Il presidente del Partito popolare europeo (PPO) Donald Tusk starebbe meditando di rientrare in Polonia per guidare quell’ipotetico fronte unito delle opposizioni che proverà a scalzare il PiS dal trono alle prossime elezioni (2023).
Secondo indiscrezioni diffuse da Gazeta Wyborcza, l’ex primo ministro polacco ed ex presidente del Consiglio europeo starebbe per sciogliere gli indugi. Tornerebbe a casa per rimettersi alla guida di Piattaforma Civica (PO, nell’acronimo polacco), la formazione di centrodestra che ha contribuito a fondare nel 2001 e con cui ha governato tra 2007 e 2014 prima di essere chiamato a Bruxelles per presiedere il Consiglio – uno dei primissimi politici dell’Europa post-comunista a ricoprire una carica così in vista.
Proprio l’addio di Tusk, arrivato in un momento in cui venivano diffuse intercettazioni da dove la classe dirigente di PO emergeva come incompetente e avulsa dalla realtà, era coinciso con l’inizio dell’egemonia del PiS, che aveva trionfato alle elezioni dell’anno successivo e ha da allora sempre battuto i rivali europeisti.
Le speculazioni circolano da mesi. Tusk è considerato vicinissimo ad Angela Merkel, e quindi una figura di garanzia per amministrare l’eredità di cauto europeismo della Kanzlerin in un paese così cruciale come la Polonia, la locomotiva economica della metà orientale del blocco Ue.
Al momento Coalizione civica (KO), il fronte capeggiato da PO, sta arrancando nei sondaggi. La danno al 16%, non solo più di venti punti sotto il PiS, ma anche a un bruciante – 7% da Polonia 2050, la creatura di Szymon Hołownia che ambisce ad incarnare l’anti-PiS e sta cannibalizzando il voto urbano, tradizionalmente appannaggio di PO.
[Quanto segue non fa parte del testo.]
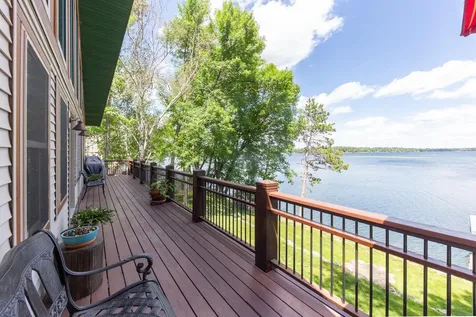 31512 Lowry Circle Cushing MN 56443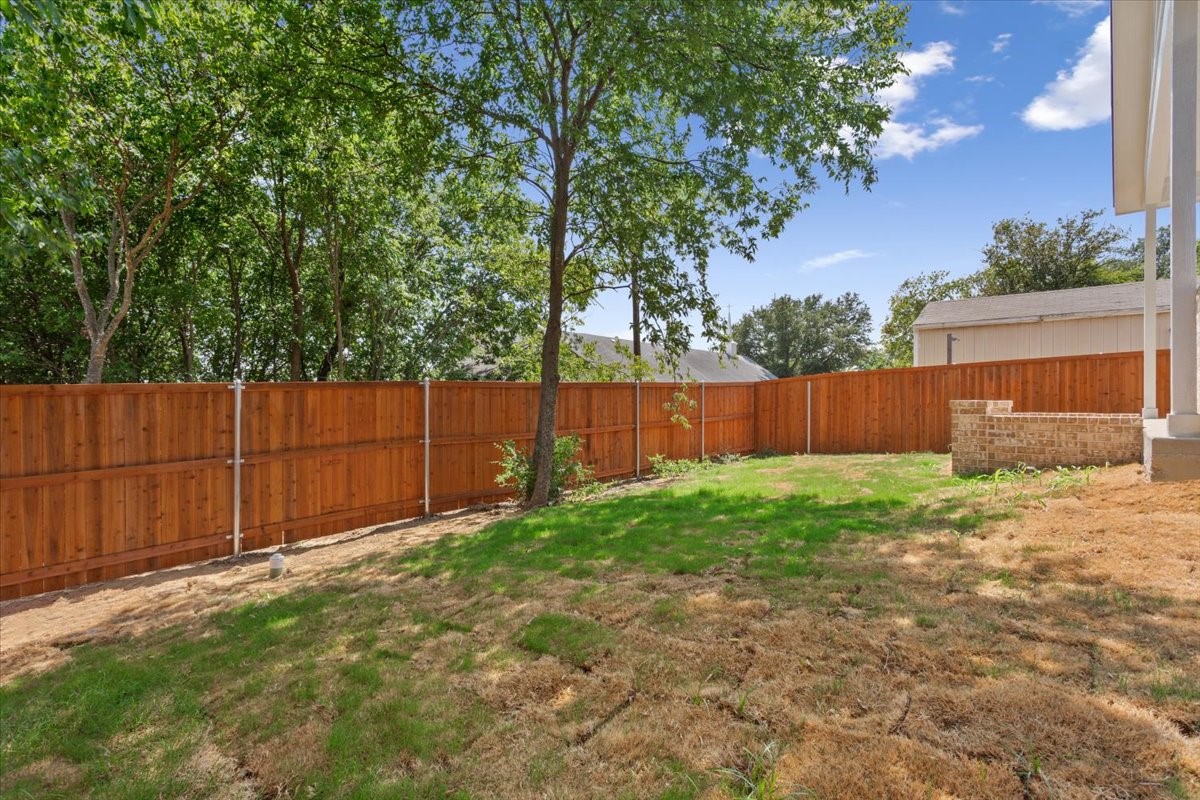 204 3rd Street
Rimpiazzando la leadership scialba di Borys Budka, Tusk potrebbe galvanizzare il suo storico elettorato e rilanciare le quotazioni del partito dove finora ha più faticato, nelle campagne e nell’Est della Polonia, come certificato anche dalle presidenziali dello scorso anno.
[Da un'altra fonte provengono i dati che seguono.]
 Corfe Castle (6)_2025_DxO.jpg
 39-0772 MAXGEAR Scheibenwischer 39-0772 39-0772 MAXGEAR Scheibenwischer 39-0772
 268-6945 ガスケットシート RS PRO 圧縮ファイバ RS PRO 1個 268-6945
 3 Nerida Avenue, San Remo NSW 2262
«Sono pronto a fare qualunque cosa per impedire che PO sia consegnata alla storia. Mentalmente e fisicamente, sono pronto a prendere qualunque decisione che aiuti a riportare la decenza in Polonia», ha dichiarato il presidente del PPE.
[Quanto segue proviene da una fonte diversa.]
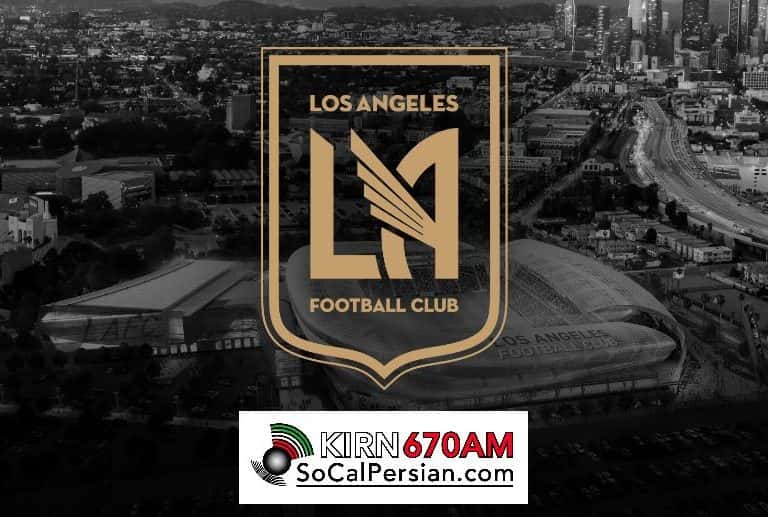 LAFC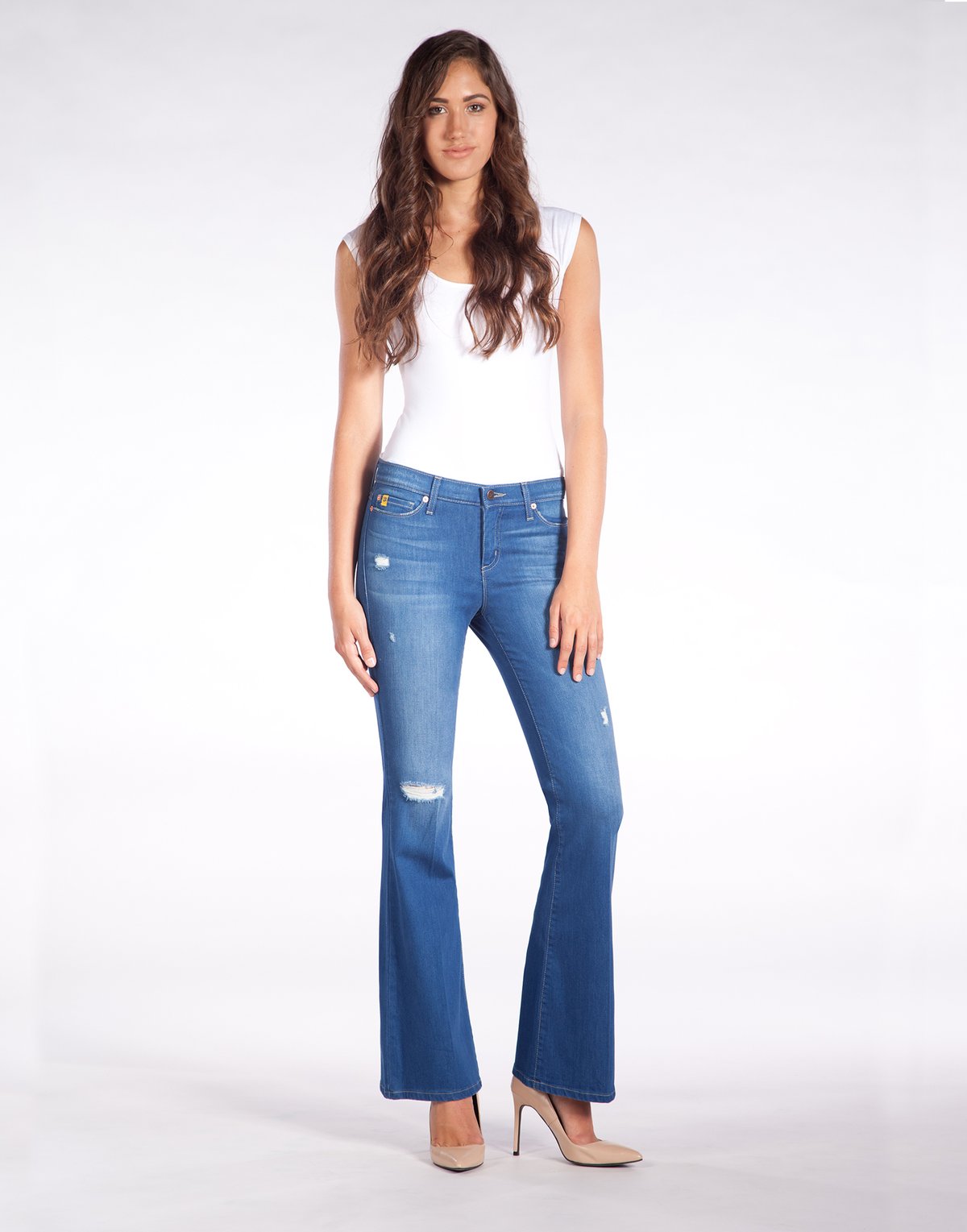 Second denim Yoga Jeans, Yoga Jeans Online, Second Denim Yoga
Tusk è universalmente visto come la nemesi di Jarosław Kaczyński, il Grande Vecchio che di fatto dirige l’azione del governo di Mateusz Morawiecki. Un’antagonismo che per i due pesi massimi della politica polacca, entrambi emersi in seno al sindacato anticomunista Solidarność, ha travalicato i confini del dibattito politico.
Kaczyński e affiliati attribuiscono a Tusk, all’epoca premier, la “responsabilità politica” del disastro aereo di Smolensk del 2010, dove persero la vita il presidente Lech Kaczyński, fratello di Kaczyński, e altre 88 persone, tra cui alcune delle più importanti cariche delle istituzioni.
Un’accusa infamante, di cui l’ex primo ministro ha dovuto rispondere anche in tribunale, non solo sui giornali. È stata infatti lanciata un’inchiesta per verificare l’esistenza di un presunto accordo tra l’intelligence militare polacca e i servizi segreti russi. Negli ambienti del PiS Tusk è stato accusato di “tradimento”: avrebbe intessuto contatti segreti con Mosca, con le ricostruzioni più dietrologiche che si sono spinte fino a ipotizzare un’intesa sottobanco tra il suo governo e la Russia di Putin al fine di decapitare la classe politica degli ultra-conservatori. Le indagini precedenti hanno tuttavia attribuito lo schianto a un errore umano e alle cattive condizioni meteo.